The Defense Department faces steep cuts in the next decade regardless of whether the government goes off the fiscal cliff, speakers at a defense forum in Washington said Wednesday.
The main impact of automatic cuts that would be triggered by sequestration is that the cuts would be made more quickly and in a more indiscriminate fashion, several said.
“The danger of deep cuts of sequestration is it forces choices before we’re able to make them in an informed way,” William Lynn, who served as deputy secretary of defense from 2009 to 2011 under Robert Gates and Leon Panetta, told the defense forum on the fiscal cliff held by the U.S. Naval Institute.
In the event of sequestration, the Pentagon will face an additional $500 billion in cuts over the next decade, atop the $487 billion already approved. If a deal is reached avoiding the fiscal cliff, according to analysts, the additional cuts will be less severe but could still amount to several hundred billion dollars over the next 10 years.
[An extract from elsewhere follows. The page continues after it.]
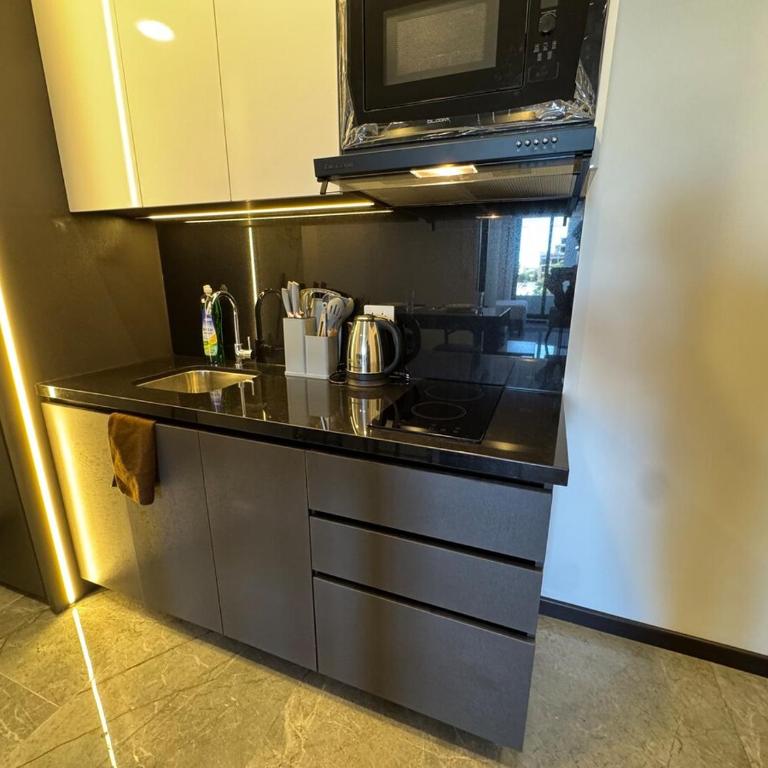 Luxury and Comfort Modern Apartment with Unique Touches - One-Bedroom Apartment - 4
“We are in a drawdown, not particularly because of the fiscal cliff,” but because of the U.S. withdrawal from Iraq and Afghanistan, said Gordon Adams, who oversaw national security and foreign policy budgets for the Office of Management and Budget during the Clinton administration. He said the cuts faced by the military are similar to those made in the 1990s after the end of the Cold War, as well as earlier retrenchments after the wars in Korea and Vietnam.
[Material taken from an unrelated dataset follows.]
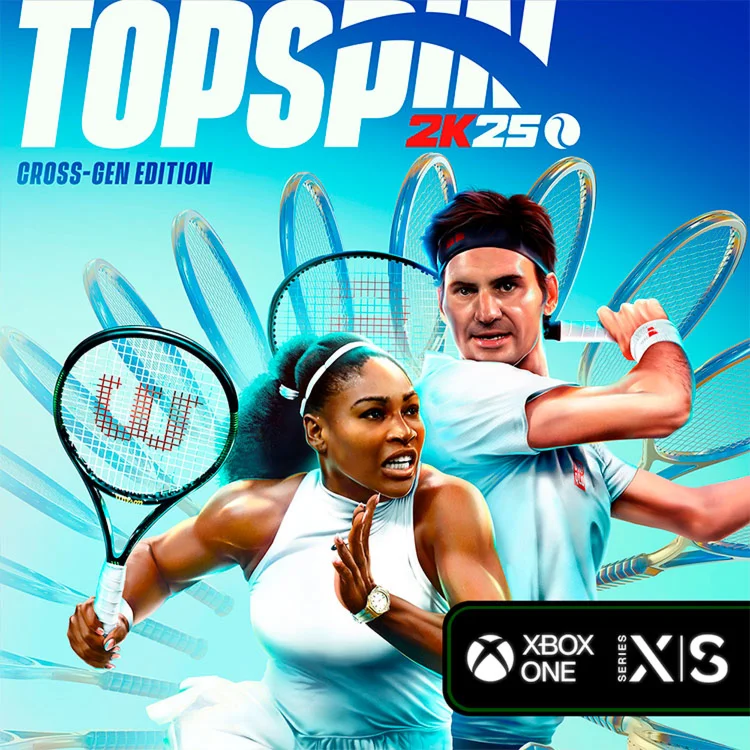 TopSpin 2K25 Cross-Gen Digital | Xbox  Ключ/Код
“Procurement will face the deepest cuts, people next,” Adams said.
The civilian defense workforce of approximately 700,000 could shrink to between 500,000 and 600,000, Adams estimated.
The personnel cuts will largely be made by attrition, “but if we go over the cliff, it could be faster,” said Adams.
Sequestration would likely mean a quick 15 percent cut in procurement with serious ramifications for the defense industry, said Bobby Sturgell, senior vice president of Washington operations for Rockwell Collins. “Within two to three months — whether it’s a ramp or a cliff, your choice of words, but job cuts are coming,” he said.
The Pentagon’s cuts to operations and maintenance will be somewhat less steep, while research and development will likely see the shallowest cuts, as was the case in earlier drawdowns, several speakers said.
“The great hope of every incoming defense secretary is to somehow find savings in management and overhead [which can be shifted] to the pointy end of the spear,” Lynn said. “The problem is it’s never happened.”
“There aren’t that many places to get those game-changing savings,” he added.